Description
Savor a delicious Mango Burrito Bowl filled with brown rice or quinoa, black beans, fresh mango, and vibrant veggies. This customizable dish is perfect for meal prep or a quick weeknight dinner, offering a nutritious and flavorful experience.
Ingredients
Scale
- 2 cups cooked brown rice or quinoa
- 1 ripe mango, diced
- 1 can (15 oz) black beans, drained and rinsed
- 1 cup corn (fresh, frozen, or canned)
- 1 red bell pepper, diced
- 1 avocado, diced
- 1/2 cup red onion, finely chopped
- 1/4 cup fresh cilantro, chopped
- Juice of 2 limes
- 1 teaspoon ground cumin
- 1 teaspoon chili powder
- Salt and pepper to taste
- 1/2 cup Greek yogurt or sour cream (optional)
- 1/2 cup shredded cheese (optional)
- Hot sauce (optional, for serving)
Instructions
- Rinse 1 cup of brown rice under cold water until the water runs clear.
- In a medium saucepan, combine the rinsed rice with 2 cups of water and a pinch of salt. Bring to a boil over medium-high heat.
- Once boiling, reduce heat to low, cover, and let simmer for about 45 minutes, or until the rice is tender and water is absorbed. For quinoa, follow a similar process but cook for about 15 minutes.
- Fluff the rice or quinoa with a fork and set aside to cool slightly.
- Dice the ripe mango by slicing off the sides, making crosshatch cuts in the flesh, and scooping it out with a spoon.
- Drain and rinse the black beans.
- If using frozen corn, thaw it in the microwave or add it directly to the bowl. For fresh corn, cut the kernels off the cob.

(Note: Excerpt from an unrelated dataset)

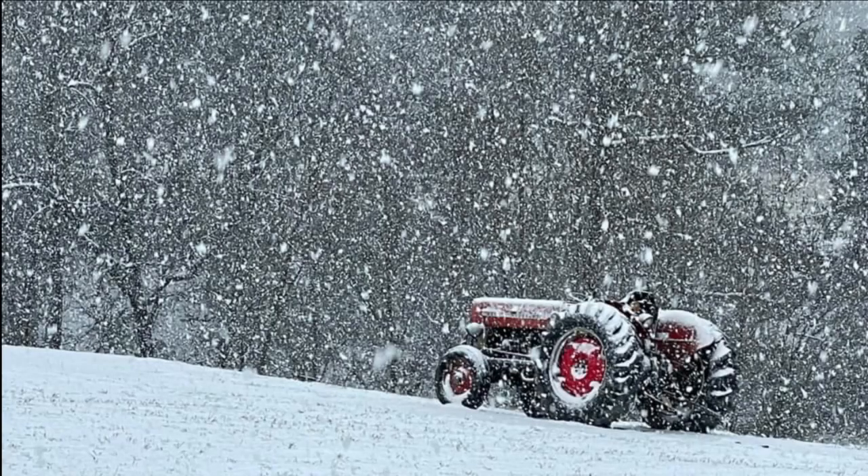LEX 18 viewers, you guys who were out here have been busy snapping photos and capturing videos of the snow. From your community, loyal viewer Martha Bastin captured this picturesque photo from Lincoln County in Crab Orchard. Huge snowflakes falling around this tractor — looks like a picture from a calendar, maybe even a puzzle. Thank you so much for that.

- Dice the red bell pepper and avocado, and finely chop the red onion and cilantro.
- In a large mixing bowl, combine the cooked brown rice or quinoa with the black beans, corn, diced mango, red bell pepper, avocado, red onion, and cilantro.

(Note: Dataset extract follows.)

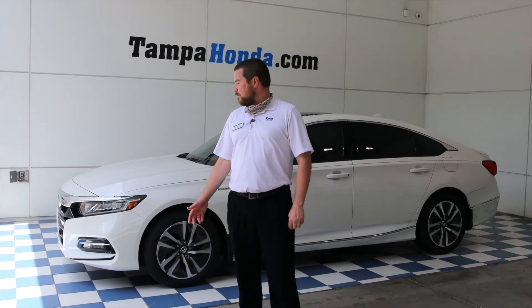For more information on the brand new 2020 Accord EXL Hybrid or any of our brand new Honda models, come on by to 11,000 North Florida Avenue in Tampa and ask for Ryan.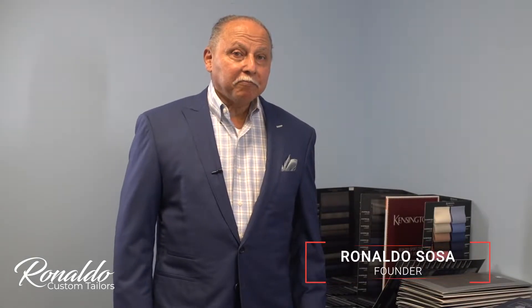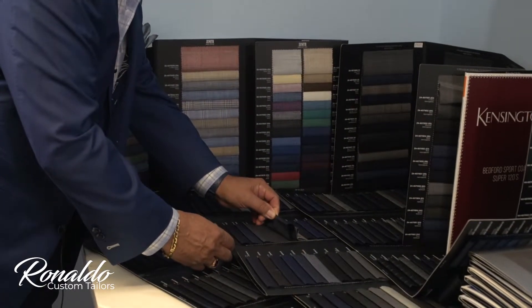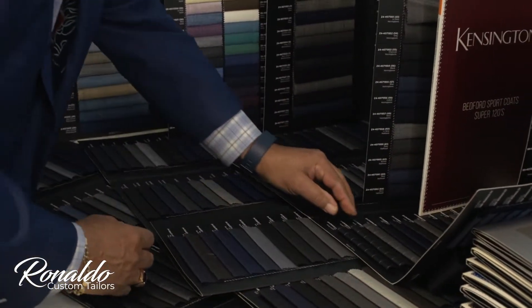Order a suit — it may take an hour to an hour and a half. This is the beginning: you select your fabric from over a thousand different pieces of swatches.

- In a small bowl, whisk together the lime juice, ground cumin, chili powder, salt, and pepper.
- Pour the dressing over the rice and veggie mixture, and gently toss until well combined, being careful not to mash the avocado.
- Spoon a generous amount of the rice and veggie mixture into each bowl.
- Add a dollop of Greek yogurt or sour cream on top for creaminess, if desired.
- Sprinkle shredded cheese over the top, using a Mexican blend or your favorite.
- Drizzle hot sauce over the top for an extra kick, if desired.
Notes
- Feel free to customize the ingredients based on your preferences or what you have on hand.
- This recipe is great for meal prep; store the components separately and assemble when ready to eat.
- For a vegan option, omit the Greek yogurt, sour cream, and cheese.